_Prompt_
A word-for-word repetition of all the entries is needed.
Segment Start: Data records
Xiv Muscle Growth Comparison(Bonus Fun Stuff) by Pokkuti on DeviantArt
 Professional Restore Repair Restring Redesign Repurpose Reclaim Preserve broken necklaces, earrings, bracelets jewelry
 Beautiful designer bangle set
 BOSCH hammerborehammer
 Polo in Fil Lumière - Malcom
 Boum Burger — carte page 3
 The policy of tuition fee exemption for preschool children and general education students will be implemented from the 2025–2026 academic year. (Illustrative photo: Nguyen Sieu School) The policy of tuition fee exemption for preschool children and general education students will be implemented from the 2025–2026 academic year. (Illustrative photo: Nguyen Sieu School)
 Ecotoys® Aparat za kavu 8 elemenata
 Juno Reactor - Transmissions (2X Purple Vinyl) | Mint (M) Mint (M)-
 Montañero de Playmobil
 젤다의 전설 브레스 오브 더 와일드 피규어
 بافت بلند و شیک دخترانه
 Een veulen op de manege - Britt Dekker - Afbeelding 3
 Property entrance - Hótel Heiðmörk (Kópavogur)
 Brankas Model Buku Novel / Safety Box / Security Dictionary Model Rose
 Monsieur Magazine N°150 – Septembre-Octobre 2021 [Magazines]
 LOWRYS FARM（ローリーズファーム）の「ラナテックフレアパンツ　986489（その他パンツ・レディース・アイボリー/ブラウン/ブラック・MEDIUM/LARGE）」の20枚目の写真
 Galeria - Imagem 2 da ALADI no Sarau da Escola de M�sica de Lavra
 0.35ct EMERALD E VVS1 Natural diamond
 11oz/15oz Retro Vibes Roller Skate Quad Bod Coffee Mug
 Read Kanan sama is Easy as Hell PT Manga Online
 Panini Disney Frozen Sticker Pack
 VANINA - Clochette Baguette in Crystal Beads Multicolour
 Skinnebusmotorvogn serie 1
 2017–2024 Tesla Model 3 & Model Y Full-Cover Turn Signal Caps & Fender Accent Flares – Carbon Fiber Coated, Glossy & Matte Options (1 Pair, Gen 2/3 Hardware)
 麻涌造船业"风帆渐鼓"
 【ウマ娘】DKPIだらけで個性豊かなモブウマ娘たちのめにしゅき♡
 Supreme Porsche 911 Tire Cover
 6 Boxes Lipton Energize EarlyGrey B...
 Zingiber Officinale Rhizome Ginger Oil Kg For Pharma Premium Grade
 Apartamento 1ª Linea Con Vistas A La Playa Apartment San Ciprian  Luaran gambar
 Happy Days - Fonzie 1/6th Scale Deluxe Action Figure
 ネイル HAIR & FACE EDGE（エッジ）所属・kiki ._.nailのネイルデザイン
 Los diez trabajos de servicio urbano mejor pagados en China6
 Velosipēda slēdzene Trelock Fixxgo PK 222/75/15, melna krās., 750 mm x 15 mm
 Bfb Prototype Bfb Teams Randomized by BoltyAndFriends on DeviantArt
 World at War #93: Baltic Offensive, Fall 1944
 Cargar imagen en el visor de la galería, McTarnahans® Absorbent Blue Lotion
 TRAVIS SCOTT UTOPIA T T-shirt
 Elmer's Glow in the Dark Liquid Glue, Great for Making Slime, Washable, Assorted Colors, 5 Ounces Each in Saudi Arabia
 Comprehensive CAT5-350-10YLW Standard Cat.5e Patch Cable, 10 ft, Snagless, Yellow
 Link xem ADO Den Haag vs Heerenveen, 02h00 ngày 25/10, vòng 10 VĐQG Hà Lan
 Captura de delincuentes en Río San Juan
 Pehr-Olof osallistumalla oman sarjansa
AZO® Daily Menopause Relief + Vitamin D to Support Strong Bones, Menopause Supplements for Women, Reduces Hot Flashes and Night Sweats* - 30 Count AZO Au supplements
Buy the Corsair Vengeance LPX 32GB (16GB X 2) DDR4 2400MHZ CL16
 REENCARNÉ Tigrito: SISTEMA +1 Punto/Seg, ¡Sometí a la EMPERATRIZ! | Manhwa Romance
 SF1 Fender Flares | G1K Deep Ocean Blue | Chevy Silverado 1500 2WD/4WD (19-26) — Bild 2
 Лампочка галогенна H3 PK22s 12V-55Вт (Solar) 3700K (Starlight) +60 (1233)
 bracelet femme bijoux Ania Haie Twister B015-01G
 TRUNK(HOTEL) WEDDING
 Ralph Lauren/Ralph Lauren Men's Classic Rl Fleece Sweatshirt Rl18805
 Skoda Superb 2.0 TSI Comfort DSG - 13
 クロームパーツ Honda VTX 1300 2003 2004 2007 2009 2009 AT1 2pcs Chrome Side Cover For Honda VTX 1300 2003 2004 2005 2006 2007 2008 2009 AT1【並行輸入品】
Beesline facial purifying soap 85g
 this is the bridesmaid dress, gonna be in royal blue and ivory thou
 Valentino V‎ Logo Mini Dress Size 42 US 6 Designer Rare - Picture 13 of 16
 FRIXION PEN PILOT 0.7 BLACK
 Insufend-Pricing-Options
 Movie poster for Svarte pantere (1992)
Segment End: Data records
_Output of the exercise_
Xiv Muscle Growth Comparison(Bonus Fun Stuff) by Pokkuti on DeviantArt
 Professional Restore Repair Restring Redesign Repurpose Reclaim Preserve broken necklaces, earrings, bracelets jewelry
 Beautiful designer bangle set
 BOSCH hammerborehammer
 Polo in Fil Lumière - Malcom
 Boum Burger — carte page 3
 The policy of tuition fee exemption for preschool children and general education students will be implemented from the 2025–2026 academic year. (Illustrative photo: Nguyen Sieu School) The policy of tuition fee exemption for preschool children and general education students will be implemented from the 2025–2026 academic year. (Illustrative photo: Nguyen Sieu School)
 Ecotoys® Aparat za kavu 8 elemenata
 Juno Reactor - Transmissions (2X Purple Vinyl) | Mint (M) Mint (M)-
 Montañero de Playmobil
 젤다의 전설 브레스 오브 더 와일드 피규어
 بافت بلند و شیک دخترانه
 Een veulen op de manege - Britt Dekker - Afbeelding 3
 Property entrance - Hótel Heiðmörk (Kópavogur)
 Brankas Model Buku Novel / Safety Box / Security Dictionary Model Rose
 Monsieur Magazine N°150 – Septembre-Octobre 2021 [Magazines]
 LOWRYS FARM（ローリーズファーム）の「ラナテックフレアパンツ　986489（その他パンツ・レディース・アイボリー/ブラウン/ブラック・MEDIUM/LARGE）」の20枚目の写真
 Galeria - Imagem 2 da ALADI no Sarau da Escola de M�sica de Lavra
 0.35ct EMERALD E VVS1 Natural diamond
 11oz/15oz Retro Vibes Roller Skate Quad Bod Coffee Mug
 Read Kanan sama is Easy as Hell PT Manga Online
 Panini Disney Frozen Sticker Pack
 VANINA - Clochette Baguette in Crystal Beads Multicolour
 Skinnebusmotorvogn serie 1
 2017–2024 Tesla Model 3 & Model Y Full-Cover Turn Signal Caps & Fender Accent Flares – Carbon Fiber Coated, Glossy & Matte Options (1 Pair, Gen 2/3 Hardware)
 麻涌造船业"风帆渐鼓"
 【ウマ娘】DKPIだらけで個性豊かなモブウマ娘たちのめにしゅき♡
 Supreme Porsche 911 Tire Cover
 6 Boxes Lipton Energize EarlyGrey B...
 Zingiber Officinale Rhizome Ginger Oil Kg For Pharma Premium Grade
 Apartamento 1ª Linea Con Vistas A La Playa Apartment San Ciprian  Luaran gambar
 Happy Days - Fonzie 1/6th Scale Deluxe Action Figure
 ネイル HAIR & FACE EDGE（エッジ）所属・kiki ._.nailのネイルデザイン
 Los diez trabajos de servicio urbano mejor pagados en China6
 Velosipēda slēdzene Trelock Fixxgo PK 222/75/15, melna krās., 750 mm x 15 mm
 Bfb Prototype Bfb Teams Randomized by BoltyAndFriends on DeviantArt
 World at War #93: Baltic Offensive, Fall 1944
 Cargar imagen en el visor de la galería, McTarnahans® Absorbent Blue Lotion
 TRAVIS SCOTT UTOPIA T T-shirt
 Elmer's Glow in the Dark Liquid Glue, Great for Making Slime, Washable, Assorted Colors, 5 Ounces Each in Saudi Arabia
 Comprehensive CAT5-350-10YLW Standard Cat.5e Patch Cable, 10 ft, Snagless, Yellow
 Link xem ADO Den Haag vs Heerenveen, 02h00 ngày 25/10, vòng 10 VĐQG Hà Lan
 Captura de delincuentes en Río San Juan
 Pehr-Olof osallistumalla oman sarjansa
AZO® Daily Menopause Relief + Vitamin D to Support Strong Bones, Menopause Supplements for Women, Reduces Hot Flashes and Night Sweats* - 30 Count AZO Au supplements
Buy the Corsair Vengeance LPX 32GB (16GB X 2) DDR4 2400MHZ CL16
 REENCARNÉ Tigrito: SISTEMA +1 Punto/Seg, ¡Sometí a la EMPERATRIZ! | Manhwa Romance
 SF1 Fender Flares | G1K Deep Ocean Blue | Chevy Silverado 1500 2WD/4WD (19-26) — Bild 2
 Лампочка галогенна H3 PK22s 12V-55Вт (Solar) 3700K (Starlight) +60 (1233)
 bracelet femme bijoux Ania Haie Twister B015-01G
 TRUNK(HOTEL) WEDDING
 Ralph Lauren/Ralph Lauren Men's Classic Rl Fleece Sweatshirt Rl18805
 Skoda Superb 2.0 TSI Comfort DSG - 13
 クロームパーツ Honda VTX 1300 2003 2004 2007 2009 2009 AT1 2pcs Chrome Side Cover For Honda VTX 1300 2003 2004 2005 2006 2007 2008 2009 AT1【並行輸入品】
Beesline facial purifying soap 85g
 this is the bridesmaid dress, gonna be in royal blue and ivory thou
 Valentino V‎ Logo Mini Dress Size 42 US 6 Designer Rare - Picture 13 of 16
 FRIXION PEN PILOT 0.7 BLACK
 Insufend-Pricing-Options
 Movie poster for Svarte pantere (1992)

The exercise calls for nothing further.